Sunday, 05 February 2012

Brugmansia x candida

This seems to be the time of year when awards are handed out to movie stars and so on, so I decided to look at my garden to see which plants I could give accolades to - for being the longest bloomers through the year. Since last January, I have been recording what is in flower in my garden every month - as can be seen in the 'What's out in my garden' feature of this website. Call it obsessive-compulsive, but the resultant data has been fascinating (to me, at least) and I now have some evidence for choosing plants that have the most flower power in our Sydney climate.

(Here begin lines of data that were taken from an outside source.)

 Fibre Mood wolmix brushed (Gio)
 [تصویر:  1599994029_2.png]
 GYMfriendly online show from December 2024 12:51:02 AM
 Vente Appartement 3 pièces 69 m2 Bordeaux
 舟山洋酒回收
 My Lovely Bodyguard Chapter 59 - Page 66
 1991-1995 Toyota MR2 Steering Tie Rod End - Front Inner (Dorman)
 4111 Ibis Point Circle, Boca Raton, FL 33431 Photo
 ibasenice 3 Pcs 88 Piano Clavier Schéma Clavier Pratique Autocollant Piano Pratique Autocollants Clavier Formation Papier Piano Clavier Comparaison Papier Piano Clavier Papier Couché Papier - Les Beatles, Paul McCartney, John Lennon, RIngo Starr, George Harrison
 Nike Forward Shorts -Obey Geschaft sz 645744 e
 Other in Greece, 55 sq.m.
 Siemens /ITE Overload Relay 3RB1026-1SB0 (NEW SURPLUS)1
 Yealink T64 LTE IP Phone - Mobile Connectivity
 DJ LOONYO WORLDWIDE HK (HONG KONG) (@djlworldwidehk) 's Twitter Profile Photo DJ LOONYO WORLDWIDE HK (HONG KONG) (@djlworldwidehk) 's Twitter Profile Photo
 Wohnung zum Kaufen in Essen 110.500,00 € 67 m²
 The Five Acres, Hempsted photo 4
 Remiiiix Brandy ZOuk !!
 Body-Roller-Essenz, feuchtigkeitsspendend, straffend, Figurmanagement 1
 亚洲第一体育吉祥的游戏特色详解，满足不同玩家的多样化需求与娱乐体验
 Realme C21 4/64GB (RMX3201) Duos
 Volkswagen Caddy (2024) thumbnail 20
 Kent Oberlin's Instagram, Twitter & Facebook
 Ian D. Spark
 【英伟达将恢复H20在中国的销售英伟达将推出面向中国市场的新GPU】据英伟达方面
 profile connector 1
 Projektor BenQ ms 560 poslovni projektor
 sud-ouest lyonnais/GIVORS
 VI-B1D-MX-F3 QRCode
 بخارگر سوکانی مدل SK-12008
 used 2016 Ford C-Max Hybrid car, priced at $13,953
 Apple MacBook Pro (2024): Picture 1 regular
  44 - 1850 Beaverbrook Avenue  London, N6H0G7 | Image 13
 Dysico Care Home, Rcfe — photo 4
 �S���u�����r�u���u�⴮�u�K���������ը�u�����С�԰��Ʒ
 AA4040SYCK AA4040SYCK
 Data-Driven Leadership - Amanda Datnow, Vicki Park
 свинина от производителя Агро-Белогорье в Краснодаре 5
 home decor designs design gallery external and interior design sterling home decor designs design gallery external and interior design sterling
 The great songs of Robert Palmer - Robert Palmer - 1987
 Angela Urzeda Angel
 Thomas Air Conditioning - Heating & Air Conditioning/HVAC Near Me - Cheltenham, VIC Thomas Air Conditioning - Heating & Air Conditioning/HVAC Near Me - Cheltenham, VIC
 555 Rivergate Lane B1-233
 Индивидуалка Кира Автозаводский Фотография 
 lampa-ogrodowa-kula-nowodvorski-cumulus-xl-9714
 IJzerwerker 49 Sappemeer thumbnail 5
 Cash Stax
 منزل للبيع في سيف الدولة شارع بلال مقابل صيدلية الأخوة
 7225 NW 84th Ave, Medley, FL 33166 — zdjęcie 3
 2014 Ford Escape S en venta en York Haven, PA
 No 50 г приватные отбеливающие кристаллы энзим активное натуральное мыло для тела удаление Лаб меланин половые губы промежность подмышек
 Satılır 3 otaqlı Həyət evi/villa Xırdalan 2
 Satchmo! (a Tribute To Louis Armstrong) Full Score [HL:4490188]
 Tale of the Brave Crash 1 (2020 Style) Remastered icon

Whilst it is wonderful to have flowers that truly signify each of the seasons, which I look forward to keenly every year - such as the first jonquils and Daphne of winter, the Freesia of late winter/early spring and the Jacaranda of late spring, it is instructive to know the plants that are in bloom for an extended period, as these give continuity and ensure colour in our gardens, and really earn their keep, especially where space is at a premium.

Ageratum houstonianum

I was amazed to find that several plants were actually in bloom all year - the scarlet Salvia splendens (regarded by many gardeners as an annual, but I find that self-sown seedlings turn into small shrubs that last for several years and flower in sun or shade); the dramatic angel's trumpets Brugmansia species (which have flushes of flower in every month: I have a white and an orange/yellow one, shaped like trees by developing a trunk early on in their lives); the so-called shrimp plant Justicia brandegeeana (with its lime-yellow or brownish-red long bracts); the dainty cigarette plant (Cuphea ignea) with its tiny orange tubular flowers; shrubby Euryops chrysanthemoides (never without some of its golden daisies); and a perennial Ageratum houstonianum (which has fluffy pale blue flowers and winds through a border). With all these plants, I trim bits of them off every so often to try to keep the shapely and thus avoid having to do a major prune.

Dianthus, species unknown

In flower for 11 months is a lovely hot pink Dianthus (species unknown) which I was given many years ago. It is only not in bloom in September because I hack it back hard in late August to keep it compact. The same applies to the lightweight climber Manettia, which has a profusion of tiny red and yellow tubular flowers the rest of the year. I like to have it twining through other plants in the border, as it doesn't do any harm and somehow reminds me of a string of tiny lights on a Christmas tree.

Salvia Van Houttei

Two of my shrubby Salvia flower for 10 months of the year: the burgundy Salvia 'Van Houttei' (which grows in sun or shade) and the slim-spired cerise Salvia chiapensis. These are usually pretty ratty by the end of winter so I cut them back very hard and they start to flower again in October, but possibly progressive pruning throughout the year might enable them to be in flower in every month.

Abutilon hybrid

Some other Salvia flower for nine months in the year: the brilliant blue Salvia guaranitica Large Form; the dark blue Salvia 'Indigo Spires', the sultry navy blue Salvia discolour and the bright blue Salvia 'Costa Rica Blue', which has a rest over the summer months. The Chinese lantern shrubs (Abutilon) also flower for nine months, also having a natural break over the summer months. The pretty self-seeder Linaria purpurea carries on for eight months, as does the fragrant sub-shrub Heliotropium arborescens.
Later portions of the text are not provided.